# WHAT TO DO
Look through the records below for the line with "Colorful King Hoodie" and the line with "Relief French‑cream ceramic", then return those lines and all lines between, exactly.

[Opening INPUT section]

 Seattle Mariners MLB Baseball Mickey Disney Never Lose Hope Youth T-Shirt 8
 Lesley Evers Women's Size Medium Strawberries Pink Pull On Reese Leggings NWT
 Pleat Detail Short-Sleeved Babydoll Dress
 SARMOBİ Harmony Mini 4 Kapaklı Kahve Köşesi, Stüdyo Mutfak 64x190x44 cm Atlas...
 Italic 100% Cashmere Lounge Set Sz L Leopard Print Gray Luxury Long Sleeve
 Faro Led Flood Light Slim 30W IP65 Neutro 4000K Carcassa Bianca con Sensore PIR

[Closing INPUT section]
[Opening INPUT section]

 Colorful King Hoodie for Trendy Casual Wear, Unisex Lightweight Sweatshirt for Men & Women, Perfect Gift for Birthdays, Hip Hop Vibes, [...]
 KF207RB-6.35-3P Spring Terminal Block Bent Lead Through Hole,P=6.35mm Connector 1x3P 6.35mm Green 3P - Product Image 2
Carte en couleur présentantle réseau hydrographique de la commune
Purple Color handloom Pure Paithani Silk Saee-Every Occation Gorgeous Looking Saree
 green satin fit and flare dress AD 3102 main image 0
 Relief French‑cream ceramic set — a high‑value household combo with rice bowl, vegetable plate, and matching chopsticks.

[Closing INPUT section]
[Opening INPUT section]

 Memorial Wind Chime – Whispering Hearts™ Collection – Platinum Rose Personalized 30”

[Closing INPUT section]

# ANSWER TO THIS PROBLEM
 Colorful King Hoodie for Trendy Casual Wear, Unisex Lightweight Sweatshirt for Men & Women, Perfect Gift for Birthdays, Hip Hop Vibes, [...]
 KF207RB-6.35-3P Spring Terminal Block Bent Lead Through Hole,P=6.35mm Connector 1x3P 6.35mm Green 3P - Product Image 2
Carte en couleur présentantle réseau hydrographique de la commune
Purple Color handloom Pure Paithani Silk Saee-Every Occation Gorgeous Looking Saree
 green satin fit and flare dress AD 3102 main image 0
 Relief French‑cream ceramic set — a high‑value household combo with rice bowl, vegetable plate, and matching chopsticks.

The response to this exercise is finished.